> _Exercise goal_:
Write out exactly the lines below from the one containing "Regal za dnevni" to the last, both ends kept, and nothing more; skip all pictures.

> _Information provided_:
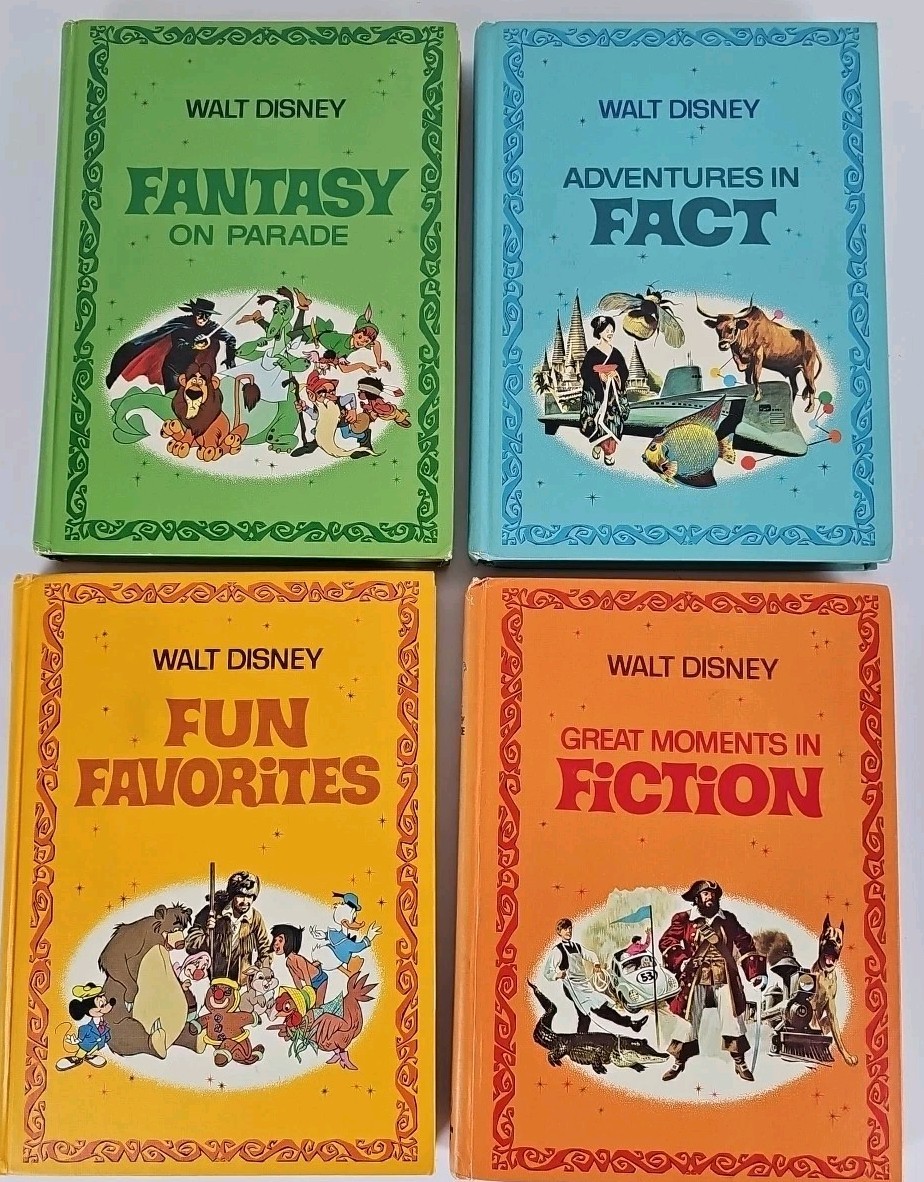 Walt Disney Parade 4 Book w/Slipcase 1970 Fun Fantasy Fact Fiction Golden Press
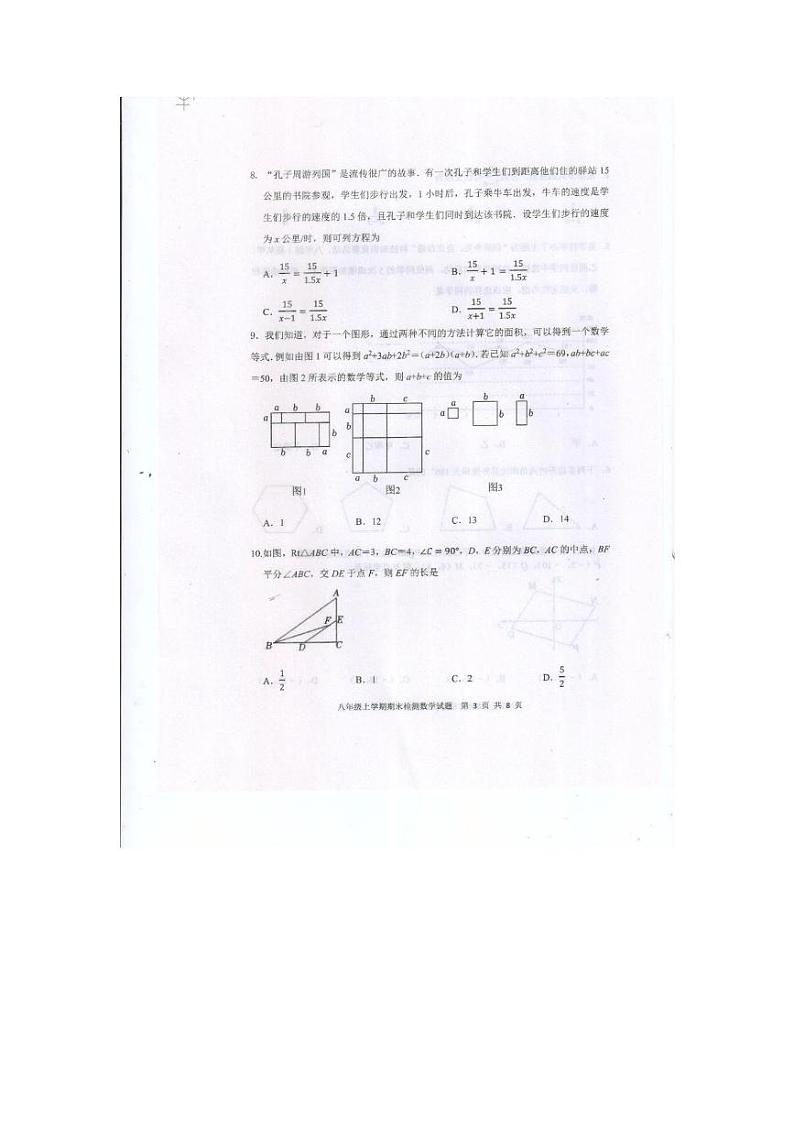 山东省泰安市新泰市2024-2025学年八年级上学期1月期末数学试题第3页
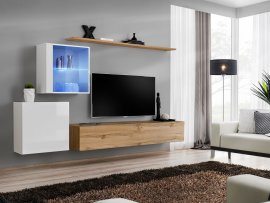 Regal za dnevni boravak Switch XV 250 cm LED - bijela/wotan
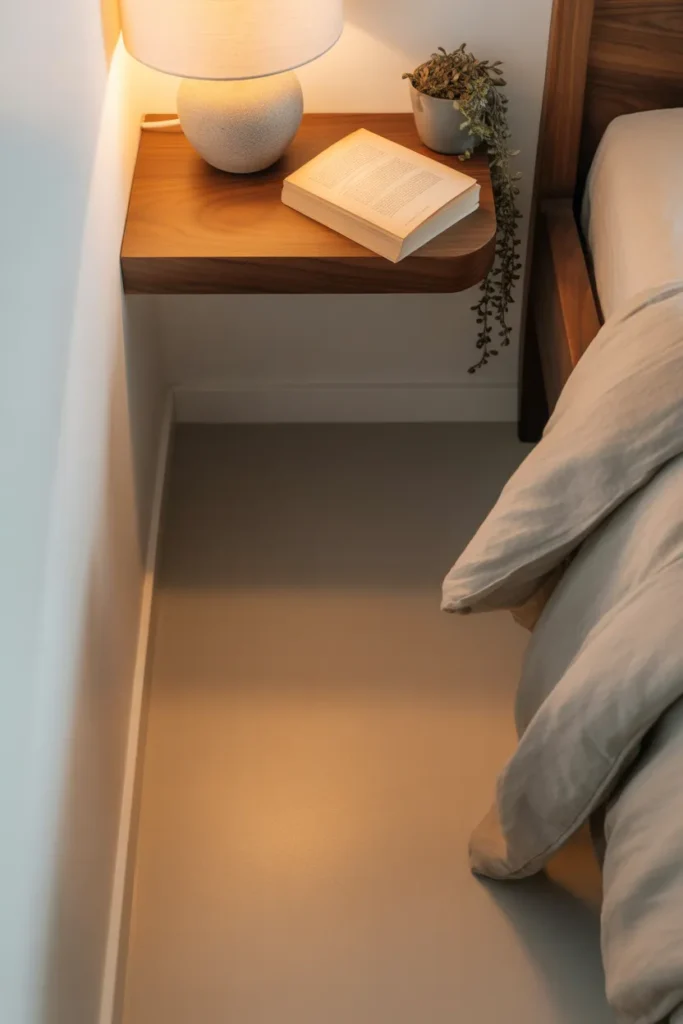 A tight bedroom corner showing a wall-mounted floating walnut nightstand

> _Worked solution_:
 Regal za dnevni boravak Switch XV 250 cm LED - bijela/wotan
 A tight bedroom corner showing a wall-mounted floating walnut nightstand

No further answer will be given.